Expert David Connolly, of Connolly Heritage Consultancy, said he believed the stone was from the 13th or 14th century.

“It is a significant site because it was the Templar Preceptory for Scotland,” he said. “I think from the condition, it may once have been set inside the church – which was once much bigger,” he added.

“He could be a Templar, he could be a Hospitaller, he could just be a knight who wanted to be buried there – but the heraldry is like nothing anyone has seen before.”

Or it could all just be a big lark carved by wacky kids in the throes of 70’s videogame mania. We just don’t know, and we won’t know anything about it for sure until historians get to do some serious analysis.

The stone is still in place, and the landowner, Crispin Miller, says when he restores the churchyard he’ll put an arch over the stone so historians can study it further in situ.

Spikes in the head at Ur

Warrior skull, flattened by pressure of earth and later burialsRoyal burials uncovered at Ur in the 20’s were replete with thousands of courtiers buried along with their royal masters. C. Leonard Woolley, the director of the excavations at the time, thought the careful burials indicated a solemn, peaceful death, like maybe they all got dressed up pretty, marched into the tomb and took poison.

For years that has been the convention wisdom.
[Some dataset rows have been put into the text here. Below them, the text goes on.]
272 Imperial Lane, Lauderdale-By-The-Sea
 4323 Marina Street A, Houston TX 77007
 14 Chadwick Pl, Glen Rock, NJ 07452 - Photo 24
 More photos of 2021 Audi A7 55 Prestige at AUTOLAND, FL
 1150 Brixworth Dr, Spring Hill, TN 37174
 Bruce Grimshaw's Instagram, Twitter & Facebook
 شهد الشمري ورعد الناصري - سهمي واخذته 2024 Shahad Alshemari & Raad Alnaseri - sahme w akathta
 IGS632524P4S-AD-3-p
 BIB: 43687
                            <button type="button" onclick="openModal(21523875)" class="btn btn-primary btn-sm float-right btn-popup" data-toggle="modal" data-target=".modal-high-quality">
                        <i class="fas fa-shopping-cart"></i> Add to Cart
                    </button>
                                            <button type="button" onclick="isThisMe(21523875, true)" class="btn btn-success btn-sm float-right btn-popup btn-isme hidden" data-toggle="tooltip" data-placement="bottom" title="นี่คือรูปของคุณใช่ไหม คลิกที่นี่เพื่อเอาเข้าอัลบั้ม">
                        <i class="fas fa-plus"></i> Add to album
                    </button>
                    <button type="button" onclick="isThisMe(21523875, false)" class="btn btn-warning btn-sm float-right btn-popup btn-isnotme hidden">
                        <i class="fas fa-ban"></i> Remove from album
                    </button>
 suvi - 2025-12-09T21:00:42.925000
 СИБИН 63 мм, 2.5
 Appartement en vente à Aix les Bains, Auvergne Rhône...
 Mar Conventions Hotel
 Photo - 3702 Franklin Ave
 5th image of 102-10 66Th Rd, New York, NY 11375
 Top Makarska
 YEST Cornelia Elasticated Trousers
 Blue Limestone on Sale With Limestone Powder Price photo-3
The remains were in many tiny pieces, crushed by the pressure of tons of earth and later burials that compressed the skeletons over the 4500 years since their deaths, so archeologists really haven’t had a chance to use any modern scientific tools on them.

Now the University of Pennsylvania is putting on an exhibit of artifacts from Ur, so researchers took the opportunity to take CT scans of skull pieces from a man and woman. The CT scan data was used to make a 3D image of where the skull fragments fit together.

Woman's skull, CT on left, decorated for burial on right

The researchers, led by Janet M. Monge, a physical anthropologist at Penn, applied forensic skills to arrive at the probable cause of death in both cases.

There were two round holes in the soldier’s cranium and one in the woman’s, each about an inch in diameter. But the most convincing evidence, Dr. Monge said in an interview, were cracks radiating from the holes. Only if the holes were made in a living person would they have produced such a pattern of fractures along stress lines. The more brittle bones of a person long dead would shatter like glass, she explained.

Dr. Monge surmised that the holes were made by a sharp instrument and that death “by blunt-force trauma was almost immediate.”

Rmarkhor goat eating the leaves of a treeThe research also turned up evidence that some of the sacrificed courtiers had been baked (as in heat, not as in weed) and treated with a mercury compound, which suggests a primitive mummification procedure, probably necessary to keep the bodies from decomposing during long funerary rituals as well to help pose them for banquet tableaux and the like.

The Penn exhibit includes the two highly decorated skulls, plus 220 other objects from the site. They have a wonderful companion online exhibit too, featuring lectures, zoomable pictures of gold jewelry, pre and post-conservation pictures, details about the original expedition, details about the current research, and oh so much more.

There’s at least a semester’s worth of college in that online exhibition, I swear.